The university’s move was reported by its student newspaper, The Harvard Crimson. It based its reporting on interviews with several members of the Facebook group set up last December by a few students who’d been admitted to the class of 2021.
The name of the group, at one point, was “Harvard memes for horny bourgeois teens,” the Crimson said.
The memes and messages traded by students in the group included ones that made fun of sexual assault, the Holocaust, and the deaths of children, the Crimson said. One post joked that abusing children was sexually arousing; another referred to the hypothetical hanging of a Mexican child as “piñata time.”
Harvard administrators discovered the group and its contents, and revoked admissions offers in April to at least ten students, the Crimson said.
UPDATED Harvard would not discuss its decisions with the Crimson, saying in an email that it does not “comment publicly on the admissions status of individual applicants.” Harvard spokeswoman Rachael Dane said the same thing in response to Education Week‘s request for comment and discussion.
Apparently the chat that got Harvard’s attention was an offshoot of a larger Facebook messaging group of about 100 students admitted to the class of 2021, according to the Crimson. That group was set up to share memes about popular culture, and one student told the Crimson it featured mostly “lighthearted” memes.
But soon some members formed an offshoot group for exchanging “more R-rated” memes. The founders of the offshoot group decided only to admit members who had posted “provocative” memes in the original, larger group, the student newspaper reported.

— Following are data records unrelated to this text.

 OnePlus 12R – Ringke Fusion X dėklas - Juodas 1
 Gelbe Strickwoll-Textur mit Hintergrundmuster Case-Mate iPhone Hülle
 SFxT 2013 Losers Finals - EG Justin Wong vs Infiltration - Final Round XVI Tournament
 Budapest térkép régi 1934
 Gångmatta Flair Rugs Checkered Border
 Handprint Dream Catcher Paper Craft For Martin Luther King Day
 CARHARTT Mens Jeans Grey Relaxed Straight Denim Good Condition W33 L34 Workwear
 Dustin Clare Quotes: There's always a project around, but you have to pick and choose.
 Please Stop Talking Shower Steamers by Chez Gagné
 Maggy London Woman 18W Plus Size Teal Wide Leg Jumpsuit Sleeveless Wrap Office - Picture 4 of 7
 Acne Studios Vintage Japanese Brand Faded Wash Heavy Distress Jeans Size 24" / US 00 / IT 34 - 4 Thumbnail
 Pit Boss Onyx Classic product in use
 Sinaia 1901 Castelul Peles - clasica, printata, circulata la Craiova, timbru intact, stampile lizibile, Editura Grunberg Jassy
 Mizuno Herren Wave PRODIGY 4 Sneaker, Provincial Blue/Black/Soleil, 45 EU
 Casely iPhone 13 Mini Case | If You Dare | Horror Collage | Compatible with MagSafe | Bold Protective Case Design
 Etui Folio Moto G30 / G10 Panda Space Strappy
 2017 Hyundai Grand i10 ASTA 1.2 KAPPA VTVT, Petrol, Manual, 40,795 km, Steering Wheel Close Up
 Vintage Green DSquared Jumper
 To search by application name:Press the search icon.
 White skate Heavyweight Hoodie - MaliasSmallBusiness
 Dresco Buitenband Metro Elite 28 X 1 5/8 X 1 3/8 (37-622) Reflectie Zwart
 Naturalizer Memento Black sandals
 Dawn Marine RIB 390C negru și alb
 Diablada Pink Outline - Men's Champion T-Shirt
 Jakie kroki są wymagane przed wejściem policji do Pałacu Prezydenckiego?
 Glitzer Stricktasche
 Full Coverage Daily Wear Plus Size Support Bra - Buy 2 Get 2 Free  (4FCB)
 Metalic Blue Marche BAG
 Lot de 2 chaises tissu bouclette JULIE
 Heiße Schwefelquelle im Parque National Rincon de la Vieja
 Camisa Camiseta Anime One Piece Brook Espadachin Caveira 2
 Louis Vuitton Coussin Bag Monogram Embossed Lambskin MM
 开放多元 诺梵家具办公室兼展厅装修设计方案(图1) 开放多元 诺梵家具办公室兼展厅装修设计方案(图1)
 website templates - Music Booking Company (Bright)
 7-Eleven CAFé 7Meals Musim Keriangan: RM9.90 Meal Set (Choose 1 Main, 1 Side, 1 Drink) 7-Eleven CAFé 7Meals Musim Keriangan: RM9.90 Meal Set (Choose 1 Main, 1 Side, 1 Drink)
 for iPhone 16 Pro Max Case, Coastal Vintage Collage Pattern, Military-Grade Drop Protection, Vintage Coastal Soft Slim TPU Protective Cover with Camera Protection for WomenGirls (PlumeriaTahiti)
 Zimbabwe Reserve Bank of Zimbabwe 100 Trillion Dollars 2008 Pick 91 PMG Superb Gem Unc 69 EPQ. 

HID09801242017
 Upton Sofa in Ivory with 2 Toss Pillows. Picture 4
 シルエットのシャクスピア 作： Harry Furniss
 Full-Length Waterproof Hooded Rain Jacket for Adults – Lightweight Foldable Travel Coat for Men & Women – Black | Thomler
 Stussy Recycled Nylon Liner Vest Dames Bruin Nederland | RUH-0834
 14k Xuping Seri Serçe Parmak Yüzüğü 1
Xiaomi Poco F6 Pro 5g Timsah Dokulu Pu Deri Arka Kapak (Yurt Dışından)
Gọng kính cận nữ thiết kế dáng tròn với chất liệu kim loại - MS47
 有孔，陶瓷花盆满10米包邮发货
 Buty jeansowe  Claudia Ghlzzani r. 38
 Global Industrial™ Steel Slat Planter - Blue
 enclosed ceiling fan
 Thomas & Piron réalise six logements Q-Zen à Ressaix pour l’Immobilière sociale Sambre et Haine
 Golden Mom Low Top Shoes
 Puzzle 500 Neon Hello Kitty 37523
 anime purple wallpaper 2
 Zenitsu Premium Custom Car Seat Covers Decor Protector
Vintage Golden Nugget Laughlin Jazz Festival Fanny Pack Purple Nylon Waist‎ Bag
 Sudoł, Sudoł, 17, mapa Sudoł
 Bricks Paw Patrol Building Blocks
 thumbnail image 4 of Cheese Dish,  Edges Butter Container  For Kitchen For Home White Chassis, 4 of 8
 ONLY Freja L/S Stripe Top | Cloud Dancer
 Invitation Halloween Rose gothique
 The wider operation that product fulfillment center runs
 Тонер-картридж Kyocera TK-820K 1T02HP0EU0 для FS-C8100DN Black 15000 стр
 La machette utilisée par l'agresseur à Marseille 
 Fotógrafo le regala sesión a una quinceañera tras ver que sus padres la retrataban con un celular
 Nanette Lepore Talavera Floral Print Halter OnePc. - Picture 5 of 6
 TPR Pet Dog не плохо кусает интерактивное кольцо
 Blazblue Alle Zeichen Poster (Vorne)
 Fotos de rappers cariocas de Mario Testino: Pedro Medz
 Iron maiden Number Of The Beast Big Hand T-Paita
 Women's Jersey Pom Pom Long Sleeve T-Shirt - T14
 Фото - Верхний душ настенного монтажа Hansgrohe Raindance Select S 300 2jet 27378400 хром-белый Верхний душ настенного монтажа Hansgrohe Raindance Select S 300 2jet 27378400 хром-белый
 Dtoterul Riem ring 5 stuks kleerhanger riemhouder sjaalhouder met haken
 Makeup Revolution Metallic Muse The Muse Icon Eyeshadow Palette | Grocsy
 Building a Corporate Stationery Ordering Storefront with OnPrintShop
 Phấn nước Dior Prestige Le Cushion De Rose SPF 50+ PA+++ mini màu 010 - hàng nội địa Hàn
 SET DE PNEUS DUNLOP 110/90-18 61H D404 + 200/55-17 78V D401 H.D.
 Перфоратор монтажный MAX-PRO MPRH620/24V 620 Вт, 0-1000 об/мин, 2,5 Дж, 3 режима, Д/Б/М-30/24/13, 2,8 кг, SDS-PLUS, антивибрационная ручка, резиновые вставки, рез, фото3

“They were like, ‘Oh, you have to send a meme to the original group to prove that you could get into the new one,’” Cassandra Luca, an admitted student whose offer was not rescinded, told the newspaper. “This was a just-because-we-got-into-Harvard-doesn’t-mean-we-can’t-have-fun kind of thing.”
Officials in Harvard’s admissions office sent emails to students they believed had posted “offensive” messages in the group, asking them to submit statements explaining their actions, the Crimson reported. Students were later told their admissions decisions were under review, and told they couldn’t attend Visitas, Harvard’s annual late-April weekend for prospective freshmen.
A week later, at least 10 of the students got letters informing them their offers of admission had been withdrawn.
The Harvard admissions office maintains a Facebook group for its class of 2012, and warns members on that page that their admissions offers can be rescinded “if an admitted student engages in behavior that brings into question his or her honesty, maturity, or moral character,” according to the Crimson.
Last year, when some incoming freshmen made offensive remarks online, but Harvard responded only with a joint statement condemning those actions, The Crimson said.
UPDATED The National Association for College Admission Counseling surveys its members regularly, and has found that many colleges rescind offers of admission.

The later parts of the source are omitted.